▶ RAW DATA:
-*-*-
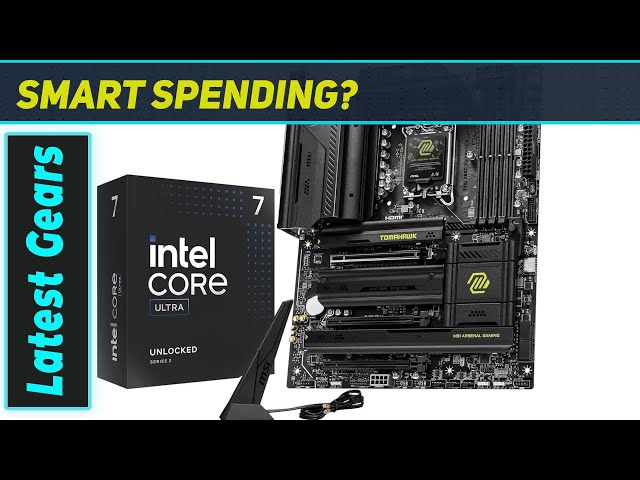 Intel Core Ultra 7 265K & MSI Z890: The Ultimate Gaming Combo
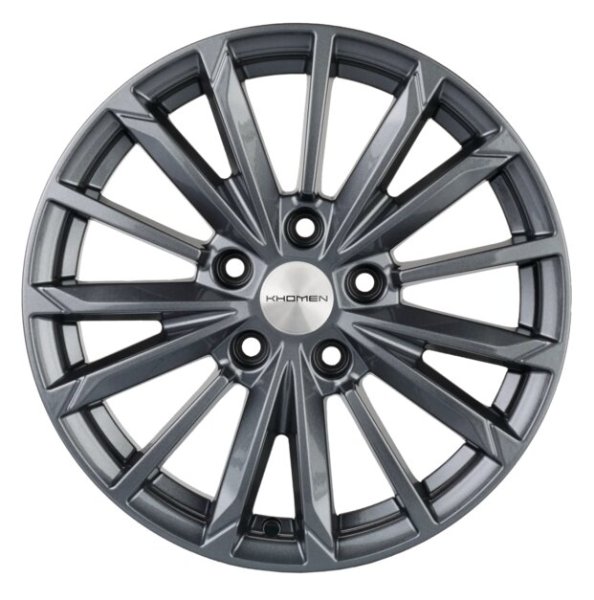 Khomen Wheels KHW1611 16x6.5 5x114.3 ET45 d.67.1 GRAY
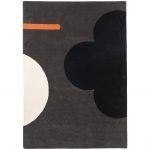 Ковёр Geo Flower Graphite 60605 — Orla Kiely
-*-*-
▶ WHAT TO WORK ON: A word-for-word copy of all the data is required, minus the pictures.

▶ SOLUTION TO THIS EXERCISE:
 Intel Core Ultra 7 265K & MSI Z890: The Ultimate Gaming Combo
 Khomen Wheels KHW1611 16x6.5 5x114.3 ET45 d.67.1 GRAY
 Ковёр Geo Flower Graphite 60605 — Orla Kiely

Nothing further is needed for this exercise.